SEO Buzz Box

 Subscribe in a reader

HOME

Remove yourself from the Wayback Machine

Posted on March 5, 2007 - Filed Under Tools |

I am going to disallow the Wayback Machine from archiving my content for this blog. If you are not aware of what the Wayback Machine a.k.a Internet Archive is, plug the url of your domain in here to see your websites history. I use this tool for checking domain history when offering advice to people in SEO forums. It is amusing when someone screams, “Google is punishing my “white hat” website and I don’t know why?” You then check the Wayback Machine and find that their domain was used to spam search engines not long ago. As I mention below, I also believe that these people should not be judged on past content if they have cleaned up their act.

The Wayback Machine offers a simple way to remove yourself from their archive and disallow all future archiving via robots.txt.

The Internet Archive is not interested in offering access to Web sites or other Internet documents whose authors do not want their materials in the collection. To remove your site from the Wayback Machine, place a robots.txt file at the top level of your site (e.g. www.yourdomain.com/robots.txt) and then submit your site below.

The robots.txt file will do two things:

1. It will remove all documents from your domain from the Wayback Machine.
2. It will tell us not to crawl your site in the future.
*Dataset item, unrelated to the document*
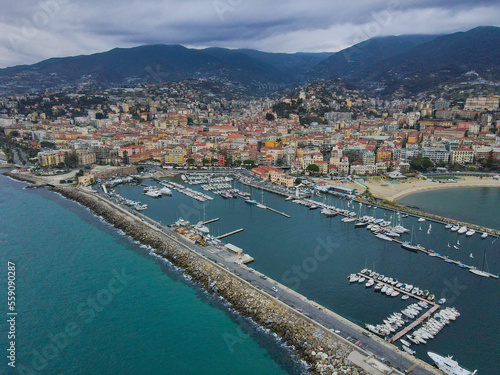 Aerial view of Sanremo, Italian city on the seashore in Liguria, north Italy. Drone flying along the port over beaches and boardwalk with palm trees and Birds Eye of yacht parking in San Remo, Italy.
To exclude the Internet Archive’s crawler (and remove documents from the Wayback Machine) while allowing all other robots to crawl your site, your robots.txt file should say:

User-agent: ia_archiver
Disallow: /

Read: Removing Documents From the Wayback Machine

Here is an example of my robots.txt

Why am I going to stop the Wayback Machine from archiving content?

This SEO blog is about learning and growing, I do not want to have my childhood in SEO logged for all the world to see. It is also a natural human trait to judge others on their past, ever go to a high school reunion and meet classmates who believe you are the same person they remember? That’s right, you are not and for those of us who often learn by trial and error in life it can be a little strange at times.

Now, it’s Google’s turn to allow removal of indexed history via Webmaster Tools. Should search engines judge you by who you were in the past or should they also allow for a fresh start?



Similar Post:

18 Responses to “Remove yourself from the Wayback Machine”

  1. Peter Davis Says:

    oxymoron

  2. admin Says:

    Hrm, let me define:oxymoron, ah yes, I guess this it true. :)

  3. Michael Martinez Says:

    Considering they haven’t published any new data since last summer, aren’t you acting a little late?

  4. Admin Says:

    Michael - So you believe they are not going to update their archives again? If you read above, using robots.txt “removes” you completely. It’s never too late. Check out what happens now after adding the robots.txt exclusion this morning here.

    This post was more of a snarky jab at Google for relying on old first impressions in it’s rankings anyhow.

    Stop playing the role of angry doctor of SEO man, you are missing the point. ;)

  5. SEFL Says:

    Michael - I think that’s his point. He doesn’t want the old data that’s there to show up.

    As far as the high school thing, I saw something similar last week when my best friend’s brother passed away. I ended up back in my hometown and everyone remembered me exactly as I was as a child. I’ve evolved somewhat since then (although I’m still immature).

    I also remembered a lot of people that I saw again as jackasses because I ran with a different crowd at the time. The thing is that a lot of them changed and really stepped up to the plate.

    So I can understand the past impression thing.

  6. corey Says:

    thanks. i didn’t know it was possible to remove historic data from the archive. insert sudden urge to buy a few domains back.

  7. admin Says:

    Corey - Glad I could help, I think that it is a good thing even if the archive still exists, you just have the choice of allowing it to be public record or not.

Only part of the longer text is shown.